## [LISTED RECORDS]
════

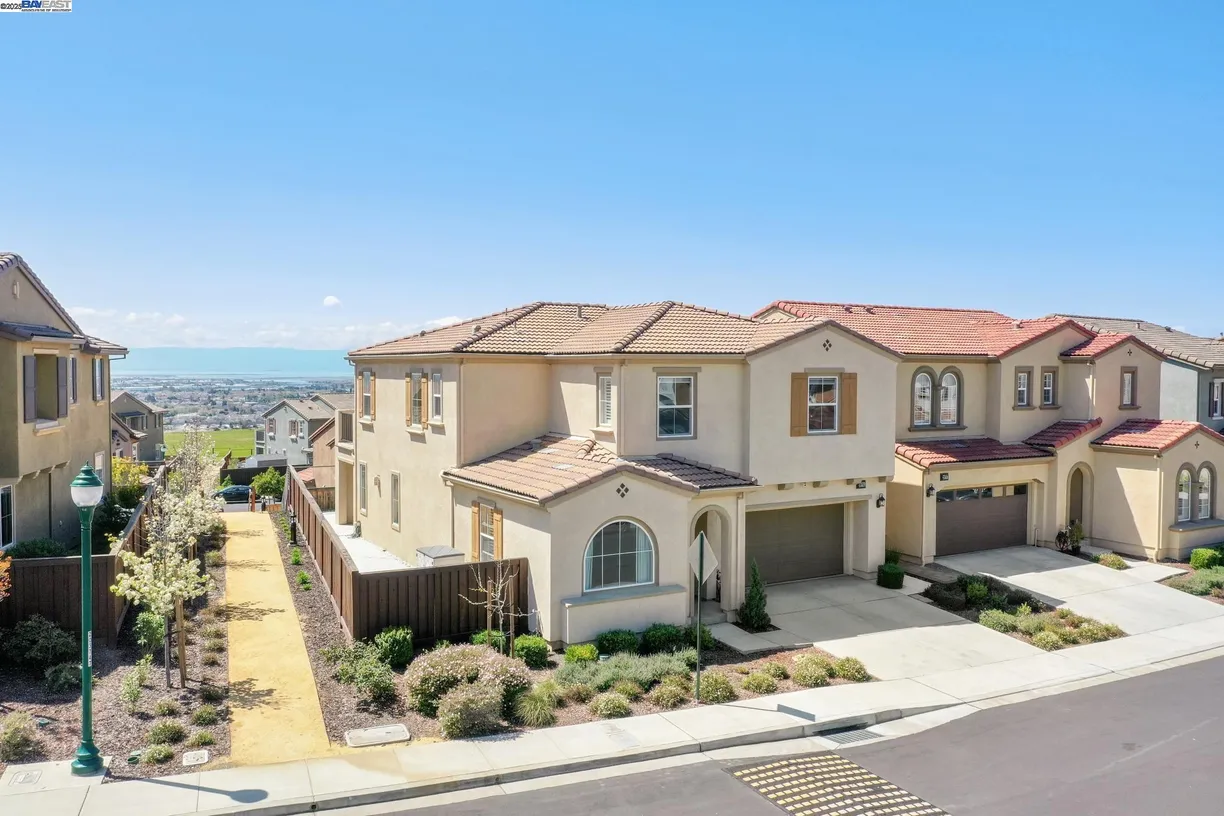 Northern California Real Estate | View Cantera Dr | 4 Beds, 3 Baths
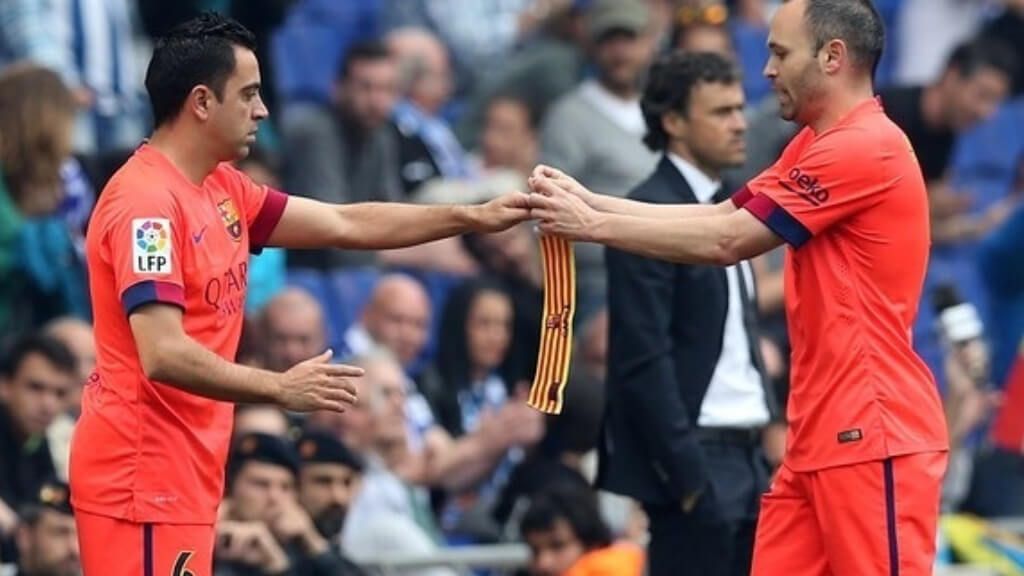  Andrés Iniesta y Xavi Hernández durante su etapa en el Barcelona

════

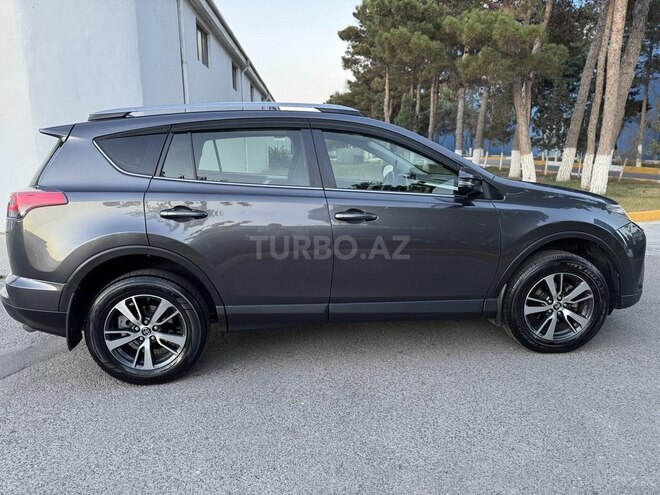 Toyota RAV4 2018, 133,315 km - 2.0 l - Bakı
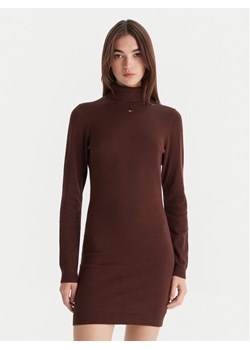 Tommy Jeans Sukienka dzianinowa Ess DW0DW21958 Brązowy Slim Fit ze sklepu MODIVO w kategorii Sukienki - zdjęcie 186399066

════

## [WHAT YOU NEED TO DO]
Give again, exactly as written above, each line from the one that has "Northern California Real" to the one that has "Andrés Iniesta y", both included; omit the pictures.

## [EXERCISE RESULT]
 Northern California Real Estate | View Cantera Dr | 4 Beds, 3 Baths
  Andrés Iniesta y Xavi Hernández durante su etapa en el Barcelona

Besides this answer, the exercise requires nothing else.